For the development of the new facilities, Gordon worked in close collaboration with head of broadcast technology Nick Prater. The set design was put out to tender and ultimately awarded to Jack Morton Worldwide, a broadcast design services company that has created sets and scenic environments for many prominent news, sports and entertainment brands.

“They are a really good agency, with a tremendous amount of experience, and in fact [executive design director/SVP] Andre Durette had designed the GMB [Good Morning Britain] set for me back in 2018,” says Gordon.

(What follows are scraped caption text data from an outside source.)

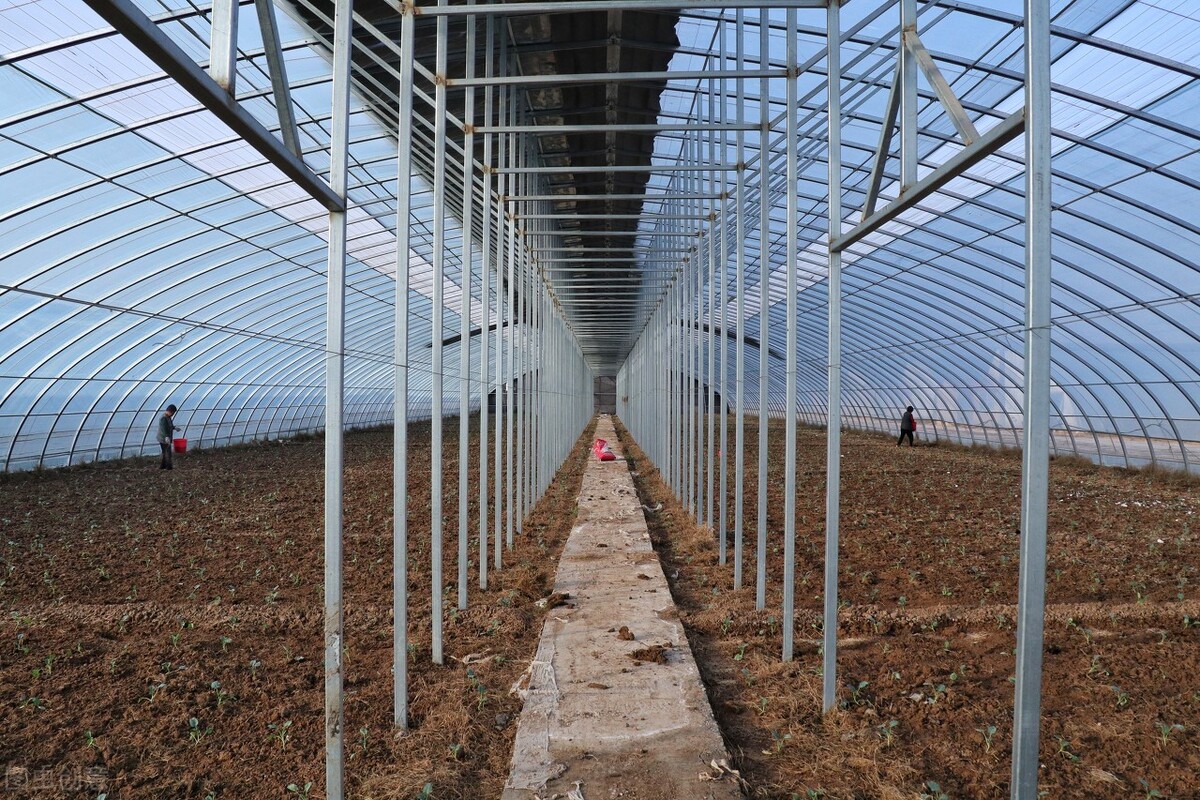 淄博温室大棚防虫网有什么作用,大棚防虫网选多少目通风效果好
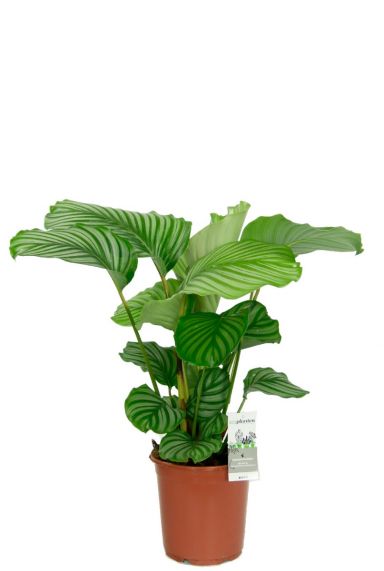 Calathea orbifolia kamerplant 4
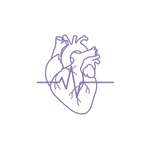 Purple line drawing of a heart with an EKG line without background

On the lighting side, the TalkTV team enlisted the services of three leading companies: JLLighting for a variety of TV lighting solutions; DigiSet, which looked after all of the decorative lighting; and B360, which provided lighting design and project partnership. “It was a really good collaboration and relationship with all of the third-party companies,” says Gordon.

He also highlights the use of both automated and non-automated cameras in a period when the former are becoming more commonplace in news and current affairs. “One of the big changes we made from Ealing to London Bridge is that we still have some manned cameras and some robotic ones,” says Gordon. “So we use the Shotoku robotic camera system in the studios here, mixed in with a jib, Steadicam and so on.”

Production-wise, TalkTV’s operations are based around the Avid iNEWS newsroom system and ChryonHego’s Vidigo News, whose single operator control and template-based workflows support the creation of cost-efficient content. For graphics, a partnership with MOOV involves extensive use of ChyronHego’s Prime platforms to run lower thirds and banners.

‘Producing more hours of output’

Invited to consider how the production workflow of the channel might evolve in the future, Gordon indicates that it could involve “some level of automation; to my mind, that is the way that we are going to be able to produce more hours of television output. We still want to ring-fence a threshold of quality around shows like Piers Morgan Uncensored, which is a big flagship for us and recently hit 1 million subscribers on YouTube. That’s not to say that automation isn’t quality, but it [does mean a] different result.”

Erron Gordon

There will also continue to be an important element of content-sharing within the News Building – for example with visual radio – as traditional demarcations between TV and radio production become more blurred. “We do have a hybrid output [and a] multi-platform product that works on the radio as well as on TV. In broadcast services, in general, I think there is going to be a lot more of that cross-pollination,” says Gordon, noting that some of TalkTV’s “most watched names” are aired on visual radio during daytime hours.

One year on from the channel’s launch, Gordon sounds upbeat about its long-term prospects. “It has been an interesting journey, and now being back at the News Building is a big deal personally for myself and our team,” he says. “We are now into Phase 2, [which is also distinguished] by a new head of TV for News UK, Richard Wallace, whose vision and leadership are excellent. We are [currently looking at] the slots at the beginning and the end of the day, and want to do more from the studios. It’s exciting to be part of it all.”